The issue resurfaced in 2003, as the Smithsonian was making plans for another Enola Gay exhibit. By this time, the Smithsonian leadership and staff had been thoroughly purged or tamed, and the new museum director promised that the Enola Gay would be displayed "in all its glory as a magnificent technological achievement."
Peace activists and anti-nuclear academics once again responded. Under the banner of the Committee for a National Discussion of Nuclear History and Current Policy, they demanded that the exhibit also discuss the effects of the atomic bombing. They petitioned, staged a public protest meeting at American University and held a demonstration at the opening of the exhibit.
Despite these efforts, the 2003 protests did not generate broad popular backing. The public meeting and the demonstration were both rather small-scale events, and once again there was a strong expression of support for the atomic bombings.
This failure to mobilize substantial criticism of the Enola Gay exhibits reflected the strength of nationalism in American life. Polls show that over the years most Americans have continued to support the atomic bombing of Japan. This support is not based upon a fondness for nuclear weapons, for, since World War II, peace groups have managed to turn a majority of Americans against them. However, most Americans cling to the notion that they are the citizens of a uniquely virtuous nation and therefore dislike exhibits that undermine this belief.
Laura Hein is Professor of History at Northwestern University.
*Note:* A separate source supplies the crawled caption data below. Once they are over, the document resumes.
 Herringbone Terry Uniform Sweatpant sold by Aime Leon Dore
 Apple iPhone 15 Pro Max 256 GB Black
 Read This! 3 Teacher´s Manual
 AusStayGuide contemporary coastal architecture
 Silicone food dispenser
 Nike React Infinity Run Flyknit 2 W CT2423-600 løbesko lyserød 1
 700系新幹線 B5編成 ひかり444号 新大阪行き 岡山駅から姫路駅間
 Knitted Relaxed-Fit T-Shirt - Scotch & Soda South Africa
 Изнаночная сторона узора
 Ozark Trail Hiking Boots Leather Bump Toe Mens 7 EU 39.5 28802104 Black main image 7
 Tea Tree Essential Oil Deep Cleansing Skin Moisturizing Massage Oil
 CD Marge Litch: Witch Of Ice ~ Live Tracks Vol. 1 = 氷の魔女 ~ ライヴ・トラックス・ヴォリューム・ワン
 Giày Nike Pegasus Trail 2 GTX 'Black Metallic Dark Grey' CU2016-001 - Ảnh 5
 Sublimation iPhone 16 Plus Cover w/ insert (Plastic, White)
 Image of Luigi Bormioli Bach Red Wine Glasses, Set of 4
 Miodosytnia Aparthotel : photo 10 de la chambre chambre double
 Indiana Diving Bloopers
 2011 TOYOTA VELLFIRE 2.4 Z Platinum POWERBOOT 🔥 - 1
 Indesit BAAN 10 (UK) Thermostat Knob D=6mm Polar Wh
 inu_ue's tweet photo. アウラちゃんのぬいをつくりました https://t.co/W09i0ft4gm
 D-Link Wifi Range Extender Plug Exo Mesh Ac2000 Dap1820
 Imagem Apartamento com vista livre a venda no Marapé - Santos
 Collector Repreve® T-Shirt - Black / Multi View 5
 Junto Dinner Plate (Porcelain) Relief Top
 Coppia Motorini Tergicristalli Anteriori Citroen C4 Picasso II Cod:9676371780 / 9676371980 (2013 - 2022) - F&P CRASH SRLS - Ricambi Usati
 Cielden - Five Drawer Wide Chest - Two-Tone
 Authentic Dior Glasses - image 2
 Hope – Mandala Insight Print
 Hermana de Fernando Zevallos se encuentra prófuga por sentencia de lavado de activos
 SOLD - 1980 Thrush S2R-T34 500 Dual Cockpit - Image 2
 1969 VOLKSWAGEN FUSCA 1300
She has a Ph.D. from the University of Wisconsin and specializes in Japan's international relations in the 20th century.
American Museums and Their Audiences since the Enola Gay Controversy
In December 2003, the National Air and Space Museum opened a permanent exhibit featuring the Enola Gay. Like the 1995 exhibit, it celebrates the technical details of the plane without acknowledging the human suffering that it caused. The exhibit is chilling evidence of the militarization of American culture. Similarly, much of the U.S. government's motivation for going to war since 1945 seems to have been aimed at making Americans feel good about using military power again. For example, the 1983 war on Grenada was staged largely for the effect it would have on domestic audiences, and glorification of American wars was the real goal of the conflict.
This is the reason why it is so disturbing to see that one effect of the controversy over the 1995 Enola Gay exhibit has been to make museum curators more willing to censor themselves. Nonetheless, wider trends in curatorial practice over the last two decades still offer opportunities for museum professionals who wish to question the costs of wars. Museums have worked hard to overcome the impression that they are irrelevant to the lives of most Americans. Curators now believe that museum exhibits should be open-ended and also should reflect a multiplicity of views about a given subject. Therefore war exhibits everywhere now feature foot soldiers and civilians at least as much as generals. The main museum strategy is to evoke a variety of memories among museum-goers without trying to integrate them completely -- collecting memories rather than collectivizing them. Far more challenging for museums is representing the larger social categories that shape peacetime lives as well: nationality, of course, but also race, gender, region, class, religion, etc. Nonetheless, simply by collecting a variety of individual experiences about an individual conflict, it has become impossible to choose one white soldier to stand in for everyone involved in it.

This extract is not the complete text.